3DMark is a bit of an odd test in the sense that the factors that influence performance in the test are generally hard to predict, but we see a significant deficit in the physics test as it seems to be strongly influenced by main memory latency as the test is cache-unfriendly. The graphics test also indicates a minor improvement over the Snapdragon 801, likely due to differences in architecture from the Adreno 330 to 418 that are coming through in this test. At any rate, the end result is that the G4 ends up around the same level as Snapdragon 801 devices.

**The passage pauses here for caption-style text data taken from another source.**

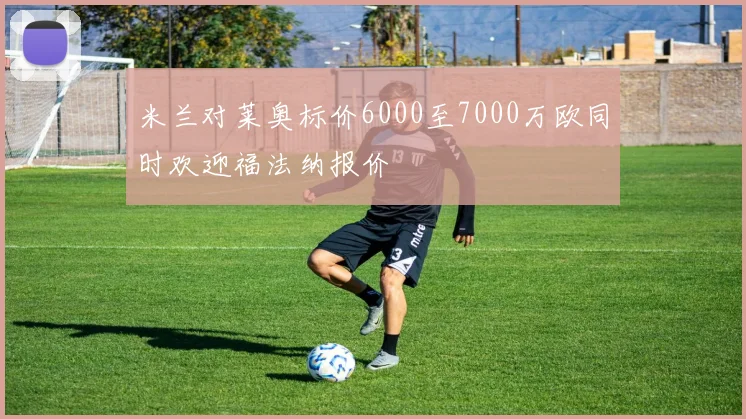 米兰对莱奥标价6000至7000万欧同时欢迎福法纳报价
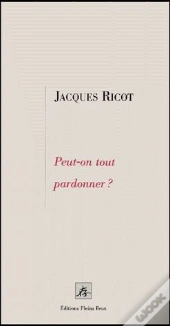 Peut-On Tout Pardonner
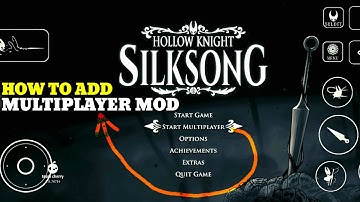Hollow Knight Silksong Mobile - HOW TO ADD MULTIPLAYER MOD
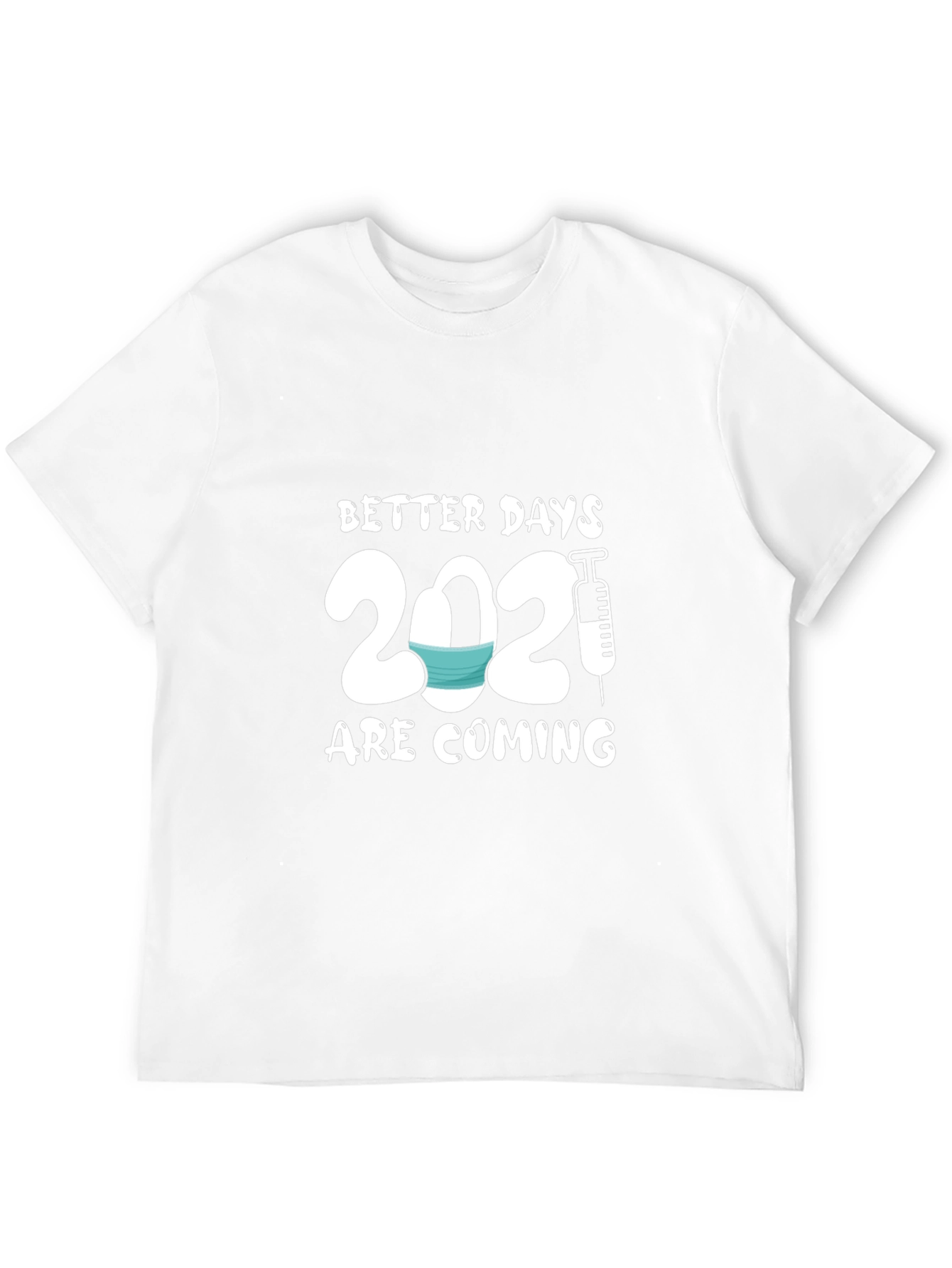 Better Days 2021 T-Shirt - Pandemic Hope Design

In this test we see that the G4 has a noticeable uplift relative to various Snapdragon 801 devices, but the improvement continues to be slim enough that in on-screen performance the 418 is really comparable to the Adreno 330 in the Snapdragon 800 rather than the Snapdragon 801, which puts it just below the Adreno 420. Overall, the LG G4 is definitely fast enough to enable a good user experience, although the somewhat weaker burst GPU performance leaves it at a handicap relative to anything equipped with an Exynos 7420. Given some of the issues we've seen with the Snapdragon 810, it seems that LG's choice was a wise one.
Although NAND performance has always been important, until the Nexus 7 (2012) it wasn’t really an area that received a lot of scrutiny. For the most part, people didn’t really pay attention to storage beyond how much storage was available. As a result, this aspect of the device was often subject to aggressive cost control, often to the detriment of performance. However, in the case of the Nexus 7 we really started to see how cutting too far could make a device almost unusable instead of just slow and frustrating.
In the interest of testing this aspect of device performance, we use Androbench with some minor modifications to test settings to get a rough idea for how fast the internal storage solution is. In the case of the LG G4, it seems that Toshiba manufactures this NAND, named 032G74, but there’s otherwise not much information publicly available on this eMMC solution.
As far as I can tell, the LG G4 has relatively similar NAND performance relative to the G3, but the tuning appears to be somewhat different as the G3 is faster in random reads but the G4 is faster in random writes. Either way, the storage solution in the G4 is sufficient for good performance, although not quite as fast as the Galaxy S6. I suspect that in the absence of an SLC caching system similar to the variant of iPhone 6 that we tested that sequential reads/writes will continue to be relatively low.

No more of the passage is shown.